* _What is needed_:
Go through the entries below and give the number of lines that have the string "long", and only that.

* _Recorded data_:
=====

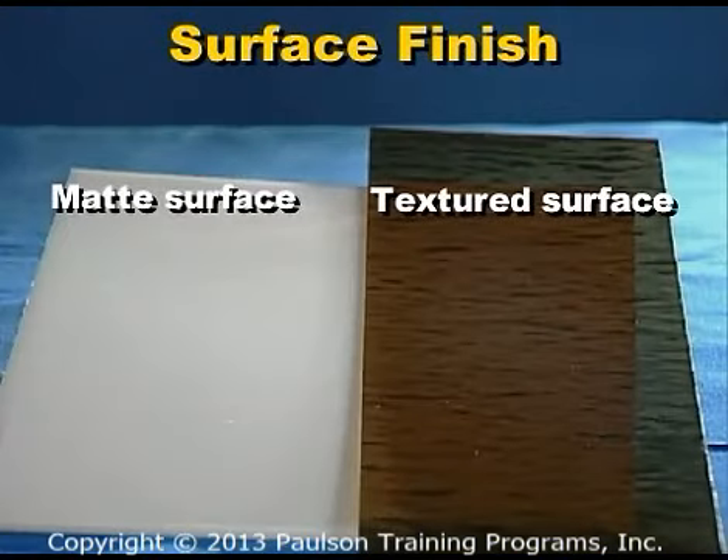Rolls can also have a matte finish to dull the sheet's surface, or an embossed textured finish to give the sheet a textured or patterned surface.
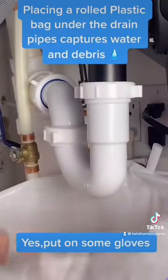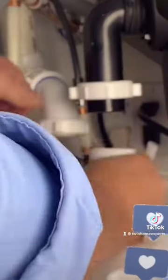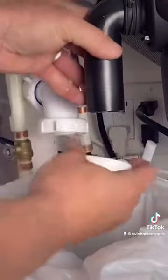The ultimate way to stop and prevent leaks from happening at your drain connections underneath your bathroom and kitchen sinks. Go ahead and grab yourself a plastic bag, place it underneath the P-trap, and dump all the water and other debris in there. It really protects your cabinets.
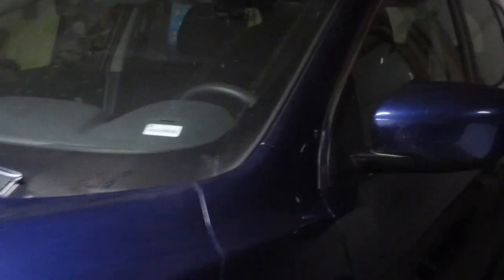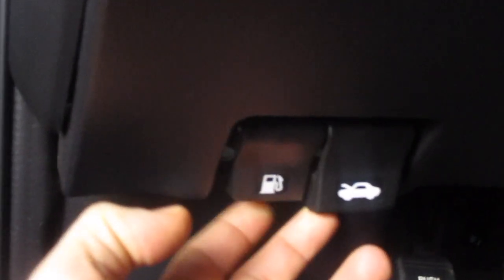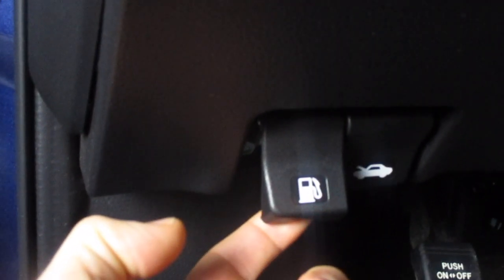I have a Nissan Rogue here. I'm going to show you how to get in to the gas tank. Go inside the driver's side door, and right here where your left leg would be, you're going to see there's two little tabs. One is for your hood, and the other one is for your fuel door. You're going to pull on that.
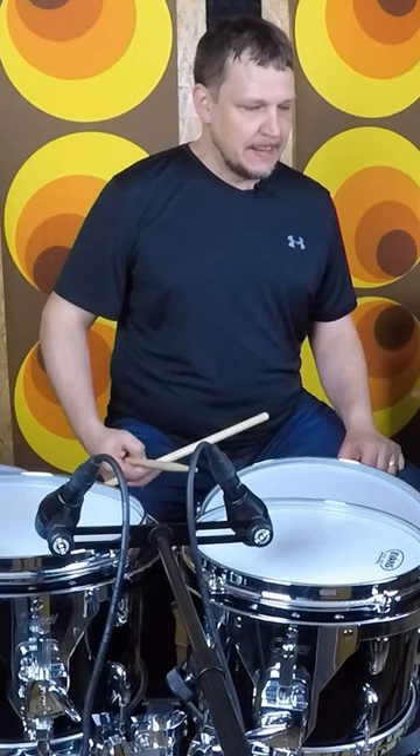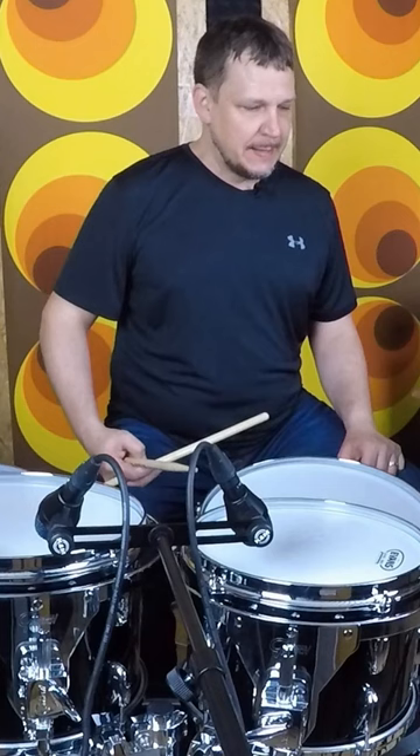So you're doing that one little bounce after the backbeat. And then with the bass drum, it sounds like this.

=====

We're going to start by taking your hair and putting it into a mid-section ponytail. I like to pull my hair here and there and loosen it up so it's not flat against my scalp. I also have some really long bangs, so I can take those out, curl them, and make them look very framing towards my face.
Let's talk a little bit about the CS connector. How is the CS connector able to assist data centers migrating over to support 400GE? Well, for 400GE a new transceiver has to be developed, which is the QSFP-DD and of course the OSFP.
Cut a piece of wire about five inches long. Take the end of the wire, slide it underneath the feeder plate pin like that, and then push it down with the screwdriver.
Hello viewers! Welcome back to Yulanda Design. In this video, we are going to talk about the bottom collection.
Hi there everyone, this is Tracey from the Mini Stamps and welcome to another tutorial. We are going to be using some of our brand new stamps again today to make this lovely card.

=====

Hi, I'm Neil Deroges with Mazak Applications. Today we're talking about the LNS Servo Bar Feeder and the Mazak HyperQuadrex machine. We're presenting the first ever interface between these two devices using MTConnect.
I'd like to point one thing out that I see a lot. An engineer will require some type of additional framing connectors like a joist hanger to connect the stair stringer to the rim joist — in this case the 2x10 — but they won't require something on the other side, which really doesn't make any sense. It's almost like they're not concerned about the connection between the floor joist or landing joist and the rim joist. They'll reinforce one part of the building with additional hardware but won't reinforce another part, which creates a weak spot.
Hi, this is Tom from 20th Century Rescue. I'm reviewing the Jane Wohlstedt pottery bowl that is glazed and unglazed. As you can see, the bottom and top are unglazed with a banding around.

=====

* _Answer below_:
2